Cavorting on the Cabot Trail | Departure

Biker friendly trail in Canada.

Remember Sebastian Cabot, the bearded and erudite actor who played Mr. French, the butler, in the 1966-'71 series Family Affair? I was a big fan of his. Apparently, so were the Canadians, who named a scenic trail around the northern half of Cape Breton, in Nova Scotia, after him. Some actually believe the Cabot Trail was named after John "Giovanni" Cabot, an Italian navigator who discovered the coast of North America in 1497. I'm having none of this, however, because the Cabot Trail's 185-mile circumference approximates the dimensions of the late, portly actor.

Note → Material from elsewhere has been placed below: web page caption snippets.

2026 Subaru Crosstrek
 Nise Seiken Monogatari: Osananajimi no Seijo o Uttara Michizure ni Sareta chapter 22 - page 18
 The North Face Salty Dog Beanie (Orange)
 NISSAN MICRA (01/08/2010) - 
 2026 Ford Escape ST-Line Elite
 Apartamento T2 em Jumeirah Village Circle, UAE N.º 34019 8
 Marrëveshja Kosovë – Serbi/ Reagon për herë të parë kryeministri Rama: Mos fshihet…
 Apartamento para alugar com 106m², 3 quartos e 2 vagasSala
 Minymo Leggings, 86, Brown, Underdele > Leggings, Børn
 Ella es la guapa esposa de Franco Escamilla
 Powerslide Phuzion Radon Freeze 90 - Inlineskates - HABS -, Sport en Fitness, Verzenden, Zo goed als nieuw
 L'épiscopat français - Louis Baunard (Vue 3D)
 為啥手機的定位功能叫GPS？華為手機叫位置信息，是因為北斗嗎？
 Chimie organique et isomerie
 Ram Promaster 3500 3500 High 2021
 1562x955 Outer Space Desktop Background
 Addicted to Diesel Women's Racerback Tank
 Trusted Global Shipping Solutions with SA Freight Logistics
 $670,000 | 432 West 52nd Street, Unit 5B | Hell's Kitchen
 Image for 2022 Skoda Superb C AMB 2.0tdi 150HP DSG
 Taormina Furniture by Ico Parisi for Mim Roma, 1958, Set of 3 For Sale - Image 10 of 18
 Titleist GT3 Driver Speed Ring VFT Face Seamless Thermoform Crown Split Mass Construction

I have long wanted to ride the Cabot Trail. Everyone I've spoken to who's been there has raved. Furthermore, it's in Canada, one of the most motorcycle-friendly countries in the world. When you combine the advantages of proximity, shared (kind of) language, a favorable exchange rate, great roads, sparse traffic, nary a speck of trash and seafood to die for, what's not to love? Little persuasion was needed to enlist my usual riding buddies, Bill, Jon and Pat, for the trek north from Virginia.

We had only eight days to play with, which would necessitate a lot of time in the saddle, especially given our desire to avoid interstate highways. Our plan, necessarily cursory, was to spend two days riding to Portland, Maine, take an overnight ferry ride to Yarmouth, Nova Scotia, spend three days touring the Cabot Trail, relax for a day on the ferry back to Portland and then make the two-day return ride to Virginia.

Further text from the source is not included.